1話目
まどろみからゆっくりと意識が浮上する。
ぼんやりと目を覚ました俺は朝になっていることに気づき、跳ねるように上体を起こし目覚ましがわりの携帯を探す。
やべぇ!今何時だ!?
8時を過ぎていれば風呂に入れないし9時を過ぎていれば遅刻確定だ。一人暮らしで目覚まし音のしない目覚めは相当心臓に悪い。

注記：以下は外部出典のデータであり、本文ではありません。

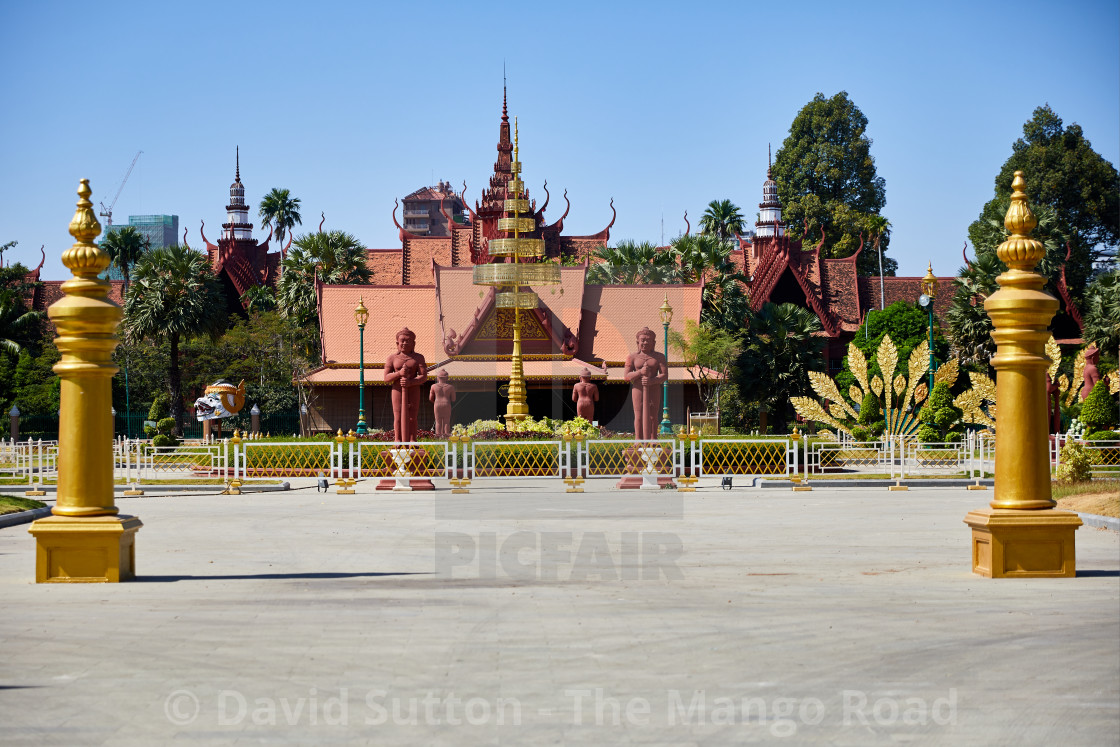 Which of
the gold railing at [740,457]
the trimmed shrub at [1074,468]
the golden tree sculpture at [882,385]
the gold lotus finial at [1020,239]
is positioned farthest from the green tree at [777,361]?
the gold lotus finial at [1020,239]

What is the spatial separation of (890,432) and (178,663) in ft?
82.5

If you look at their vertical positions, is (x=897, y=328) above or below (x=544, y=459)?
above

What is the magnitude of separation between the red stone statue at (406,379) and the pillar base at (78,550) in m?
15.7

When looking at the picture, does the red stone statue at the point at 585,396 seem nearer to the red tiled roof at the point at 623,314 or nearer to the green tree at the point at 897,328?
the red tiled roof at the point at 623,314

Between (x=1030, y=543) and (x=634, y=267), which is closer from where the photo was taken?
(x=1030, y=543)

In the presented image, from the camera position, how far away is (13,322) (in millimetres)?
45969

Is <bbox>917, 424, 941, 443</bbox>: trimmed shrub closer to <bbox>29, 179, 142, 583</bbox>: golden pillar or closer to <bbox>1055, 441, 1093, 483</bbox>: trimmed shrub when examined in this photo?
<bbox>1055, 441, 1093, 483</bbox>: trimmed shrub

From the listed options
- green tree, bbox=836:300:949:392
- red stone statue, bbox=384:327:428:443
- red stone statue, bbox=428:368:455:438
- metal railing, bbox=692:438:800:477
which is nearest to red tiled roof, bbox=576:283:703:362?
green tree, bbox=836:300:949:392

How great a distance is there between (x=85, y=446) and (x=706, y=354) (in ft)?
102

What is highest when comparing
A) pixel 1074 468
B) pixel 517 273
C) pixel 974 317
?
pixel 517 273

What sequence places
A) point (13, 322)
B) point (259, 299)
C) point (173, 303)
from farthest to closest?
point (259, 299), point (13, 322), point (173, 303)

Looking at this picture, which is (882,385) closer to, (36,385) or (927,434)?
(927,434)

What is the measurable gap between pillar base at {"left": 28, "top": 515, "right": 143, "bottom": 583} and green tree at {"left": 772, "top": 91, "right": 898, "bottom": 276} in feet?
197

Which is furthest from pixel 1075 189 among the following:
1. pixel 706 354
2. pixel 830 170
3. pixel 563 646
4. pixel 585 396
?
pixel 563 646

跳び起きた一瞬でそんな事を考えた俺は、目に入る風景に目を疑った。
「ここは・・・どこだ・・・?」
ニ○リで買った心地よいスプリングの効いたベッドに、シンプルながらに俺好みだったモノトーンの布団カバー一式はそこにはなく、少し厚手だが目の荒い白いシーツで、ベッドのスプリングも全然効いていない。(確認したら藁みたいなのがドッサリ詰めてあった)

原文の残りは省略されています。